OSG finds policy gap in use of P208-B Malampaya fund for power rate subsidy


By Myrna M. Velasco

The Office of the Solicitor General (OSG) caught sight of a policy infirmity that may not solidly allow the use of P208 billion Malampaya fund to subsidize the snipping of universal charge (UC) collections under the Murang Kuryente Act.

In an opinion issued by Solicitor General Jose C. Calida, it was stipulated that “the use of the Malampaya fund for the payment of universal charges, currently being collected is merely permissible, not mandatory.”

The OSG anchored that argument on the provision of the Murang Kuryente Act (MKA) which states that “the universal charge for stranded contract costs and stranded debts currently being collected may be covered by the allocated amount from the Malampaya fund subject to the implementing rules and regulations of (the) Act.”

The OSG pointed out that the use of the word “may” in the law turns out to be a weak precept, because that does not entail mandatory use of the fund for the MKA power rate reduction that has been calculated at P0.971 per kilowatt hour.

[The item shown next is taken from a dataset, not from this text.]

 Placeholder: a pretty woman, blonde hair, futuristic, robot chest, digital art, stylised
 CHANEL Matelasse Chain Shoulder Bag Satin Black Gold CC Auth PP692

As further emphasized by the OSG, “the phrase ‘may’ be covered by the allocated amount from the Malampaya fund should not be construed to mean ‘shall’ or ‘must’…instead, it should be interpreted on its ordinary sense as permissive or discretionary on the part of the respondents, whether or not to allot a portion of the Malampaya fund to cover for universal charges currently collected by PSALM (Power Sector Assets and Liabilities Management Corporation).”

PSALM is the entity sanctioned under the Electric Power Industry Reform Act (EPIRA) to administer the pass-on and collection of universal charges from all Filipino electricity ratepayers. For the UCs propounded to be subsidized by the Malampaya fund, such shall only cover the UCs for stranded debts and stranded contract costs.

Despite the ruling rendered by the OSG, Laban Konsyumer Inc. President Victorio Mario Dimagiba, who has been batting for immediate implementation of the MKA power rate reduction, is leaning on the wisdom of the Energy Regulatory Commission (ERC) to act with dispatch on the pleaded stoppage of collection of the UCs for stranded debts and stranded contract costs.

“Hopefully, the ERC decides the case in favor of the consumers,” Dimagiba stressed, as he has been batting for the implementation of the MKA rate cuts since January this year.

And on the opinion of the OSG that “there is no firm timeline when the consumers shall enjoy the benefit of the Murang Kuryente Act, Dimagiba noted that if the ERC concurs to that tenet, then “a good law turns into a bad law.”

PSALM previously indicated that it will tap fresh borrowings this year – and part of that shall replenish the Malampaya fund which will then be subsequently used for allocation in the MKA rate reduction.

The collection of universal charges last year inched up by P20.097 billion – bringing the total UC collections since the start of its implementation to P188.296 billion.

The aggregate collection for UC stranded contract costs amounted to P3.357 billion from January to December last year; while UC-stranded debts collection summed up to P3.139 billion.